• Work to be completed
In the records below, count every line that includes the word "Baths". Provide the total alone.

• Material provided

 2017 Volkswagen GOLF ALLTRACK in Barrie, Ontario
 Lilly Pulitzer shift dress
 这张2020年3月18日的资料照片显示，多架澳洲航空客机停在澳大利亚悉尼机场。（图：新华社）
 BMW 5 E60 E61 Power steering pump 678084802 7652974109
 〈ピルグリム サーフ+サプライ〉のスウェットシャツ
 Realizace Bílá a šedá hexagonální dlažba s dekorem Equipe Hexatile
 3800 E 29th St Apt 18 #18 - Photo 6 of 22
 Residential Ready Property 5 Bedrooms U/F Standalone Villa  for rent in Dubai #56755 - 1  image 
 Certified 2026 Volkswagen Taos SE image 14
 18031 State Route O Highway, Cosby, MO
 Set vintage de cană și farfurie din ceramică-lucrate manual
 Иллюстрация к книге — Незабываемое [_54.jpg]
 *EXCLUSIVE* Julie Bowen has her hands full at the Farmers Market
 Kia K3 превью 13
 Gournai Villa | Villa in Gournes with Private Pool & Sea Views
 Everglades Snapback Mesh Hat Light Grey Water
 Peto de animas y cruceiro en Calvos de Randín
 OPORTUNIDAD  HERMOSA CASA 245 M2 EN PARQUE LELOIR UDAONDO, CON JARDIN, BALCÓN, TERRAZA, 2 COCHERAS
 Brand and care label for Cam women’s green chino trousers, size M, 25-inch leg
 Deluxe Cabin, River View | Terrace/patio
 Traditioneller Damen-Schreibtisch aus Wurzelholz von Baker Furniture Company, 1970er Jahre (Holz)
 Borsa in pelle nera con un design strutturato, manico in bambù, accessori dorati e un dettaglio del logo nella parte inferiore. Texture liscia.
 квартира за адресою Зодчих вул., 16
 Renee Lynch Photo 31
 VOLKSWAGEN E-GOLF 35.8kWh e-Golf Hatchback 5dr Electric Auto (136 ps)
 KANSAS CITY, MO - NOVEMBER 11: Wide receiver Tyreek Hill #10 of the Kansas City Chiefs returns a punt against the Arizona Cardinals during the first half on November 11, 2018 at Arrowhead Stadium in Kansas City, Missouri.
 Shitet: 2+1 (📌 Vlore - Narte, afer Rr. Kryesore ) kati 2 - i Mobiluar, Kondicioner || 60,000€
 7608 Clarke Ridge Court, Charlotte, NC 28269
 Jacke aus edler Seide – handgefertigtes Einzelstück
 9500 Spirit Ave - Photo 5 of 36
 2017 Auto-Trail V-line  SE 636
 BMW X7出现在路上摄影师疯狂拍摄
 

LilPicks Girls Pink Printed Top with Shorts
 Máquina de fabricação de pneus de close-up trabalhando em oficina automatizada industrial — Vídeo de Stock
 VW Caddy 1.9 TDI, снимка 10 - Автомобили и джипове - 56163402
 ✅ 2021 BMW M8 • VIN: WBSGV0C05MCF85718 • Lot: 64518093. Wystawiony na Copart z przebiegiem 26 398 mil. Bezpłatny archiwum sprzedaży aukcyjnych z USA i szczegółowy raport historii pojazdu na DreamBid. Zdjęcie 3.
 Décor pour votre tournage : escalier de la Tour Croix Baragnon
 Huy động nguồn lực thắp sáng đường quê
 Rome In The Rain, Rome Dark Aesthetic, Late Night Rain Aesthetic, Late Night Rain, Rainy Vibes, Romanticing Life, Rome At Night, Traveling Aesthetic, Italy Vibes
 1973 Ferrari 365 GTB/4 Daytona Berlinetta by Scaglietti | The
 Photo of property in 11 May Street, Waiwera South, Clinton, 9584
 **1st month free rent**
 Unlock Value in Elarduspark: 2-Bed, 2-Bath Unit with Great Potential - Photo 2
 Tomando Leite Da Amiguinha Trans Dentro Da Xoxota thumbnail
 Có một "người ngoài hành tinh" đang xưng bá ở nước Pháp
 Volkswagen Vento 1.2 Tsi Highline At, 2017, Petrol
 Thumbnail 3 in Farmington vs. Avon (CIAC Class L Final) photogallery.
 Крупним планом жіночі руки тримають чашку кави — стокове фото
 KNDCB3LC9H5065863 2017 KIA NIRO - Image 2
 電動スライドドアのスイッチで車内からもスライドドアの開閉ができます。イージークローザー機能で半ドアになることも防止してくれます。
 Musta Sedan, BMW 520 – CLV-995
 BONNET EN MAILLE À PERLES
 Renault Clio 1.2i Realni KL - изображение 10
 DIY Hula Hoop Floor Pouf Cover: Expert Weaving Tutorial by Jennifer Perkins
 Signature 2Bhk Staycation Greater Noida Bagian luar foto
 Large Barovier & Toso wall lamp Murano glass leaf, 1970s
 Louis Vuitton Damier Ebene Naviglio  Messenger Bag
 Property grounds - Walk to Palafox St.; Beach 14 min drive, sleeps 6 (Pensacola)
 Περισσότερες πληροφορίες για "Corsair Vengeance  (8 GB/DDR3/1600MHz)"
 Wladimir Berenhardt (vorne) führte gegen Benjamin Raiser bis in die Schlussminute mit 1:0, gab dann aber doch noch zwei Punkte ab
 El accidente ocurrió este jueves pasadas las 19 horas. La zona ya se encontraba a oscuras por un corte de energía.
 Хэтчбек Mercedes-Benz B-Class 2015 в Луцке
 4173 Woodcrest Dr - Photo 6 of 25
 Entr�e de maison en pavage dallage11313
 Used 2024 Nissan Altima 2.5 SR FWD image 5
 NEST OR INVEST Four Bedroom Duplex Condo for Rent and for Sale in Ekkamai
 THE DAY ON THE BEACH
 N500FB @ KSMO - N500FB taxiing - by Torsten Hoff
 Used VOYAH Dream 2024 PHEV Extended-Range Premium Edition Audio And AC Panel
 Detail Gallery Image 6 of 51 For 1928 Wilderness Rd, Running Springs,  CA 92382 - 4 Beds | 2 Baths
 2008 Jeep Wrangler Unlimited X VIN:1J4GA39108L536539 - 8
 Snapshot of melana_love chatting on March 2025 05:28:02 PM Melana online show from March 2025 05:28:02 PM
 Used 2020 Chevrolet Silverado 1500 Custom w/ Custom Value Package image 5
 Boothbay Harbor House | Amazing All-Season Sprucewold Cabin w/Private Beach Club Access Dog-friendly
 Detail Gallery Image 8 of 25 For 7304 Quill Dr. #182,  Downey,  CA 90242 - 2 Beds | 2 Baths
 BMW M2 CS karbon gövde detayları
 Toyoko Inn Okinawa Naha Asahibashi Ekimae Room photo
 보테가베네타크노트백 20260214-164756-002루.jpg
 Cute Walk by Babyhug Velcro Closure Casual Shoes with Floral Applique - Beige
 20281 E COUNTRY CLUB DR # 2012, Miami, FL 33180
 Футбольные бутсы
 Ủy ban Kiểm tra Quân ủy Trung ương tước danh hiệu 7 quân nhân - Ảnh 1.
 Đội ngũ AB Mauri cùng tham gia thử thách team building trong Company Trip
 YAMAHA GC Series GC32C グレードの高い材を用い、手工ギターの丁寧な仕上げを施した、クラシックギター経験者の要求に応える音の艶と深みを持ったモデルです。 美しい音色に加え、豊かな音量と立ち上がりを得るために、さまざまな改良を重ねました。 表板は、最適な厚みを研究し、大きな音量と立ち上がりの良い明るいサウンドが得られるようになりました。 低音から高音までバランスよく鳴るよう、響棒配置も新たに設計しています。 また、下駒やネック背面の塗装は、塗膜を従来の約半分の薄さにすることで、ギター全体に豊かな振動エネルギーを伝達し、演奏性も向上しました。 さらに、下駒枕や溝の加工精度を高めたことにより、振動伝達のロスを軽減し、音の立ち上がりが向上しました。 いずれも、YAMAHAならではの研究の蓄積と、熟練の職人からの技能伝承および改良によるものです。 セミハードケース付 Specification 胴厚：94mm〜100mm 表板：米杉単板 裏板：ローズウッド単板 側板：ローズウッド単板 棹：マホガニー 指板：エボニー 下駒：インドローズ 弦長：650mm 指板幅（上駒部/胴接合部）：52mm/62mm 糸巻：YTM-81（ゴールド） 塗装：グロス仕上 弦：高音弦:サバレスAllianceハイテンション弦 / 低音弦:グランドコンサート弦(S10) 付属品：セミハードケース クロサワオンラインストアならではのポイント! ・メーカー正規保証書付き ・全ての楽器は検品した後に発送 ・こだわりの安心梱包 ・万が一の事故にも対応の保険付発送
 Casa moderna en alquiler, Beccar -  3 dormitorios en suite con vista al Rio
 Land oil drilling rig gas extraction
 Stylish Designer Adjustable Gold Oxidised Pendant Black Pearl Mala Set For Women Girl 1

• Output
2